Николь повернулась к телохранительнице.
— Элен, пожалуйста, оставь нас. С ним я в полной безопасности.
Элен одарила Асторре долгим взглядом. Если хотела произвести должное впечатление, ей это удалось. Как и Силк, Асторре отметил ее абсолютную уверенность в себе, уверенность картежника с тузом в рукаве или человека, имеющего при себе оружие, о местонахождении которого никому не ведомо. Асторре попытался определить, где оно спрятано. Узкие брюки, сшитый по фигуре пиджак. И тут он заметил разрез на брючине. Кобура на лодыжке. Не слишком удачное решение.
Когда Элен уходила, он ослепительно ей улыбнулся. Но лицо телохранительницы осталось бесстрастным.
— Кто ее нанял? — спросил Асторре.
— Мой отец, — ответила Николь. — Я ею очень довольна. Видел бы ты, как она укладывала на землю тех, кто пытался позволить себе лишнее.
— Могу себе представить, — усмехнулся Асторре. — Ты получила от ФБР досье старика?
— Да. Такого списка якобы имевших место правонарушений мне видеть не доводилось. Я просто не могу в это поверить, тем более что они не смогли привести ни единого доказательства.
Асторре знал, что должен следовать указаниям дона и отрицать правду.
— Ты можешь дать мне его на пару дней?
Глаза Николь затуманились.
— Не думаю, что тебе стоит знакомиться с ним прямо сейчас.
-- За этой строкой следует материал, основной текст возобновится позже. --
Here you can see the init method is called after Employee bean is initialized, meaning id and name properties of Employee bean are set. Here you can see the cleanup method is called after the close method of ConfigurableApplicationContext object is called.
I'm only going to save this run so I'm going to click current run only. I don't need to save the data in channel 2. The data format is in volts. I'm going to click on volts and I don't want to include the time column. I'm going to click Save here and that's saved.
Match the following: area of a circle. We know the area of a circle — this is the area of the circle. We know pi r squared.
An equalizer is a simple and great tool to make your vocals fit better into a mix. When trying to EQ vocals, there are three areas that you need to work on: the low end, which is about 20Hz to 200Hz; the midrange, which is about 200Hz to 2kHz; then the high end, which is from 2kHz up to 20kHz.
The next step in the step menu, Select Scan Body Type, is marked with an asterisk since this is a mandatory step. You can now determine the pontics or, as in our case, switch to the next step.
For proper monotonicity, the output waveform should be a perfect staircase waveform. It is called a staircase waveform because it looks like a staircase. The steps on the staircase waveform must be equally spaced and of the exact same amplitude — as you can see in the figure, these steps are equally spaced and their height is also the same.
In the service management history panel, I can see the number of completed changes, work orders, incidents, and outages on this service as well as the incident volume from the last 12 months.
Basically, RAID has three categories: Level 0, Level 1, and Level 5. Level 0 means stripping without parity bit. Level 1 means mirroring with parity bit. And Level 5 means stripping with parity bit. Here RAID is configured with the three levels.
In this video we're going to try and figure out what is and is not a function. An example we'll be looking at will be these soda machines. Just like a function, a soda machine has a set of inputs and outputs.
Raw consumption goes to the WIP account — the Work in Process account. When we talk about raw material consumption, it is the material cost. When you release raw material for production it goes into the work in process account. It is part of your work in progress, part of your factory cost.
Я хочу провести анализ, подчеркнуть наиболее важные места, а уж потом отдам досье тебе. Сомневаюсь, что оно сможет тебе помочь. Возможно, тебе и моим братьям вообще не надо его читать.
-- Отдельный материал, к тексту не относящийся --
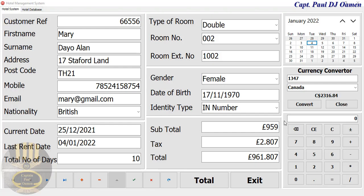Hi guys and welcome to an overview of a hotel management system developed in Delphi with a database. Let me show you how this works. In here we have a currency converter.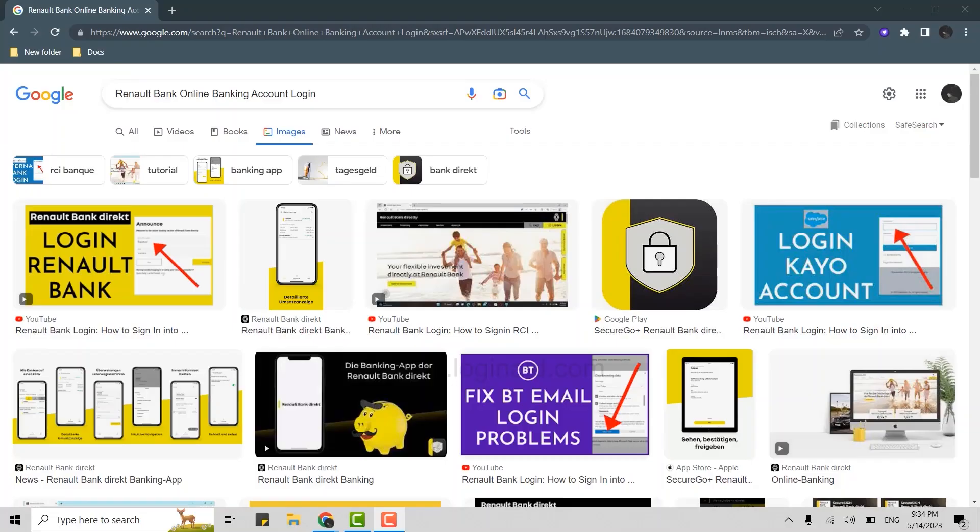Hello everyone, welcome back to the Logging In channel. Today I will be showing you how to log in to the Renault Bank online banking account. First, open a Google browser in your PC.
Асторре пристально посмотрел на Николь, потом улыбнулся.
— Сущий кошмар?
— Позволь мне внимательно изучить досье.
Феды такие говнюки.
— Как ты скажешь, так и будет. Только помни, дело это опасное. Почаще оглядывайся.
— Для этого у меня есть Элен.
— И я всегда готов тебе помочь. — Асторре легонько сжал руку Николь, чтобы заверить ее, что это не просто слова, но она ответила таким страстным взглядом, что ему стало не по себе. — Только позвони.
Николь улыбнулась.
— Позвоню. Но я в порядке. В полном.
В элегантно обставленном кабинете с шестью выстроившимися вдоль стены телевизорами Маркантонио Априле вел переговоры с Ричардом Гаррисоном, главой крупнейшего рекламного агентства Нью-Йорка. В этом высоком, с аристократическими чертами лица, одетом по последней моде красавце внешность манекенщика сочеталась с напором десантника.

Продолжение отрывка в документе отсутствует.